つわりの山を越えたのではないかと思っている。

気持ち悪いし、食べ物のことを考えると胃がひっくり返る。食べ物を食べた後は、胃の中に石が出現して不快極まりない。
でも、明らかに体感として、昨日よりも一昨日よりも体調が楽になった。

昼間、夫が仕事の時間に愛おしい我が子に、絵本を読んで、最近息子の愛読書である電車の図鑑を一緒に見ることもできた。最近ずっと1人で図鑑を眺める時間が長かった息子が、今日「エスエル」という単語を習得した。きっともっと一緒に見ることができていたら、とっくの昔に習得したのであろう「エスエル」。なんだか、息子との時間の中にあるこの期間の空白を突きつけられた気がして、少し切なくなった。きっと、お腹の中の子がこの世界に出てきてからの時間の中では、そんな風に感じることが山ほど発生するのかもしれない。愛おしくてたまらない存在が2倍になるのに、相変わらず私はこの単体のまま。どんな瞬間だって見逃したくないし、逃したくないのに。

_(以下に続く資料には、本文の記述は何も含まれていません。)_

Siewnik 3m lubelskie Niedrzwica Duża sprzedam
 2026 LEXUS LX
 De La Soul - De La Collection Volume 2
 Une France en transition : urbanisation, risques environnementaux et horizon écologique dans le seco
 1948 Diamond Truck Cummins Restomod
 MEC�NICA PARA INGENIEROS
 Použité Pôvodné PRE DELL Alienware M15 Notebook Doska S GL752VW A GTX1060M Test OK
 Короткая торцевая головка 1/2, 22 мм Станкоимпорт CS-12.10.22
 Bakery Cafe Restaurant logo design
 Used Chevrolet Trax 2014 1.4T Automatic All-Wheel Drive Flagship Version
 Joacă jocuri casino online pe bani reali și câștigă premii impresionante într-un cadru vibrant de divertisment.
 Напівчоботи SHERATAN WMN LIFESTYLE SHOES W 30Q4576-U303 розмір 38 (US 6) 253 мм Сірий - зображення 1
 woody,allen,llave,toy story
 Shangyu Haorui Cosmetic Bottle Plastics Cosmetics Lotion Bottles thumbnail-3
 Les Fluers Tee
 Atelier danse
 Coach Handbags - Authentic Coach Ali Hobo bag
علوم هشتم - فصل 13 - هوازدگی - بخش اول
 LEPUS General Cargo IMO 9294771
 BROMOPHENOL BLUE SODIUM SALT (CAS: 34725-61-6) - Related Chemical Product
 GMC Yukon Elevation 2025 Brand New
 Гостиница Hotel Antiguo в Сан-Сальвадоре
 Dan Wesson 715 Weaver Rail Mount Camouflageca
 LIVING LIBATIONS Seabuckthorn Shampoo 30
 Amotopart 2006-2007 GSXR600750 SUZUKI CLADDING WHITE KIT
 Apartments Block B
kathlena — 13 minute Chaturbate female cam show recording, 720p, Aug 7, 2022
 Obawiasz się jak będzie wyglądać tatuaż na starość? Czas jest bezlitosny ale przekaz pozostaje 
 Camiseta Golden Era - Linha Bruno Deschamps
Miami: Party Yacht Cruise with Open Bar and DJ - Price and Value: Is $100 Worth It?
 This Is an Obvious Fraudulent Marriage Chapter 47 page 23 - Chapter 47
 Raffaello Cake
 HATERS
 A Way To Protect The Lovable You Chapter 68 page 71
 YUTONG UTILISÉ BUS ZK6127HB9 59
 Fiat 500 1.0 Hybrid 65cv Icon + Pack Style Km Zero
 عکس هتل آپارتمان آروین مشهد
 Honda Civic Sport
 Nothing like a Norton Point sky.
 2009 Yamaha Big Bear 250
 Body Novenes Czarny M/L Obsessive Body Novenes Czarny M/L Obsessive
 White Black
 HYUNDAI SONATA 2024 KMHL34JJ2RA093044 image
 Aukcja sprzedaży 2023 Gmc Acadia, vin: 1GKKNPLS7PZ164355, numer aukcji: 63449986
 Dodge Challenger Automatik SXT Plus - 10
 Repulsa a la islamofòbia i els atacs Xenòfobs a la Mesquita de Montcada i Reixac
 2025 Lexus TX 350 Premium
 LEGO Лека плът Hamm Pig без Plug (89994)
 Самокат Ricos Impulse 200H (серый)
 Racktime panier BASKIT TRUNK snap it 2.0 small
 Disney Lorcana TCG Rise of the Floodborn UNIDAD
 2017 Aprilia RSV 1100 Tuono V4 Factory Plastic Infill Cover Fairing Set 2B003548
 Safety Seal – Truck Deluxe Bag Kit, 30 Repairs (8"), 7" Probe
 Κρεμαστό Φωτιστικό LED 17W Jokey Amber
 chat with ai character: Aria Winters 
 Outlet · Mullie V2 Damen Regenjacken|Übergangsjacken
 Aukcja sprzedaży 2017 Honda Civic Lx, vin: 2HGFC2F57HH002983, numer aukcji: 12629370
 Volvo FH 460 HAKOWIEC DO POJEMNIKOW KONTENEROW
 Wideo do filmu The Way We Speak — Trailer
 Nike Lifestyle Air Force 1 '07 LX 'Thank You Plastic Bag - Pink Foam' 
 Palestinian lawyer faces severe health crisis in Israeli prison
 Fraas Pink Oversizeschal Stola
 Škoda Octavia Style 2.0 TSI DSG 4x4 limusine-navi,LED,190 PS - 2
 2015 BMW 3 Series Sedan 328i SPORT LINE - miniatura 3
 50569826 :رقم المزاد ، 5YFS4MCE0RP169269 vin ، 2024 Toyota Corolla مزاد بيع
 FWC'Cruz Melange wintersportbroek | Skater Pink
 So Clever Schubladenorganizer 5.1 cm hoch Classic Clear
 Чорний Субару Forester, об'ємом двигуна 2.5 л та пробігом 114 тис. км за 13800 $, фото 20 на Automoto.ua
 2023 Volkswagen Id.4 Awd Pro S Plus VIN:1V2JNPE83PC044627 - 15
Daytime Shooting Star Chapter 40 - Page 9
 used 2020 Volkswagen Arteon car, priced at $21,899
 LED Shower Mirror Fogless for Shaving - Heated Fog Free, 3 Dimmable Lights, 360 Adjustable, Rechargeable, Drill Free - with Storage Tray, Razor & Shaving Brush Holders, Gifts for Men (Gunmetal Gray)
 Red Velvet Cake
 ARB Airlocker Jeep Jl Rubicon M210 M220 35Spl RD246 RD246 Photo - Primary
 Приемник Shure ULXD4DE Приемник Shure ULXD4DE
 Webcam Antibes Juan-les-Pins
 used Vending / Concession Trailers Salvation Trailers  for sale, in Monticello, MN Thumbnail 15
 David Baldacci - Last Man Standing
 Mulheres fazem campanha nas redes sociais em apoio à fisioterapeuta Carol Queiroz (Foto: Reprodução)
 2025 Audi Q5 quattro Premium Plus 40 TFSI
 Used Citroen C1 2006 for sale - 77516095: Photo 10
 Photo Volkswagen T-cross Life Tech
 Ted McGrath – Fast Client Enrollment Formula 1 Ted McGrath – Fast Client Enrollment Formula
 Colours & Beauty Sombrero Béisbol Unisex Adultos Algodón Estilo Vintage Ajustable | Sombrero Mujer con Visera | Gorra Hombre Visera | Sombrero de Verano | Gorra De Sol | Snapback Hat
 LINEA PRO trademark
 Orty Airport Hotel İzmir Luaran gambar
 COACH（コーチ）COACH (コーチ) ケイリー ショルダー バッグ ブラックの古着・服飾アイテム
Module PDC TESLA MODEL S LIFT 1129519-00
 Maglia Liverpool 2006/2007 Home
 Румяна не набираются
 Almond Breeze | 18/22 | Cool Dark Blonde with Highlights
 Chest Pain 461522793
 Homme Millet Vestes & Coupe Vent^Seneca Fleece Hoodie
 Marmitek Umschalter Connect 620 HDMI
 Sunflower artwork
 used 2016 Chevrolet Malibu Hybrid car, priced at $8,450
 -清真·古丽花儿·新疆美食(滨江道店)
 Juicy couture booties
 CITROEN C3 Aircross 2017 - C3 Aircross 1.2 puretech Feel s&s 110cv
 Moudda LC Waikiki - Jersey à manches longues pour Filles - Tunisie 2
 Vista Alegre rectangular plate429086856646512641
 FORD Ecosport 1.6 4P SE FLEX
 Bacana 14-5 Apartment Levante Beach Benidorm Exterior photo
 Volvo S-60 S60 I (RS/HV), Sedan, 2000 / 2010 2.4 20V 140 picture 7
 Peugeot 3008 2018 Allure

長く教育関係の会社に勤務してきて、実際にお子さんと関わる業務にも就いていたことがあったせいか、私は息子の育児でキャパがはちきれそうになったことはまだない。もちろんそれは、夫の存在が強く影響していて、夫の協力が全面的にあったからだと理解している。それでも、息子の主張が発達する過程で増加した息子の泣きに対しても、"意思が発達したのね…かわいいな"という感情が最前面で、それに対してイライラしたり困惑することがほとんどなかった。月経と重なった日は、ちょっときついな、と感じることもあったけど、月経が重くなってしまった月の2日ほどだったので、さほど強い印象ではない。
だから、育休が、子どもと過ごすこの時間が、最高に楽しくて仕方なかった。

2人目の子どもが産まれたら、そりゃ状況も変わるだろう。
そんな風には思っている。漠然と、きっと今とは違って、自分の視野の限界だったり、自分の思考や判断力の限界のラインを攻め込まれることもあるのかもしれないとも思う。でも、今の段階では、手に取るようにその感触がイメージできるわけではない。

ただ、今回のつわりで感じたこの「空白」という感覚。
これは、今ものすごく手触りのあるものとして、今の私の中に存在している。
これまで、日々たった1人の息子を見つめて過ごしてきた。そんな空間の中に、もう1人愛おしさが同等のニンゲンが仲間入りする。どっちも見ていたい。息子が電車で遊ぶその背中も、おやつを頬張って微笑むその笑顔も、全部見ていたい。けど、そうも言ってられない瞬間だってきっとやってくる。ただでさえ、2時間おきに授乳が必要な新生児からのスタート。飲ませたら、ゲップも必要で、その後は、その子の"寝る"をサポートする日々だろう。1日の終わりに、息子の寝顔を見つめたときに、今日感じたような「空白」を私は感じてしまうのだろうか。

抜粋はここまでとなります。